I joined AAASS during my first year in graduate school and perhaps like many readers, I feel that I have been able to grow up with it. I like to venture that we have a future because of the work that I can see being done by the office staff, subsequent presidents, board members, friends, and colleagues for the general cause. The cause is not a minor one, either. As the Modern Language Association annually reminds us, North America has seen a steady decline in foreign language learning across the past twenty-five years, a fact that often haunts me more than the betterknown closings of programs, departments, and funding lines that mean everything to many.
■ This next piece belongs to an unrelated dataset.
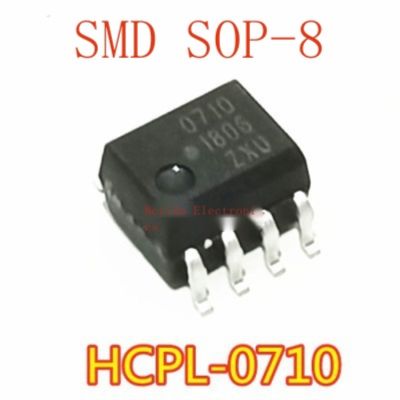 10Pcs ใหม่นำเข้า HCPL-0710-500E HCPL-0710 SOP-8แพทช์นำเข้า Optocoupler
A few years back I remember when the excellent and now much missed Cathy Nepomnyashchy reminded New York colleagues that Columbia once traditionally refused to grant credit to undergraduates spending time abroad in Prague unless they first had four semesters of Czech. You could hear the air getting sucked out of the room as everyone strained to think of what would happen to study abroad numbers if we returned to those bright standards. My own university has a gladly and heavily trafficked global site in Prague but few of those students come back from the Czech Republic with more than survival-level phrases. I am glad that more students than before are launching into former socialist worlds, but the difference in training then and now is just one of many factors that reminds me every day how much we all need ASEEES and what it does, maybe more than ever.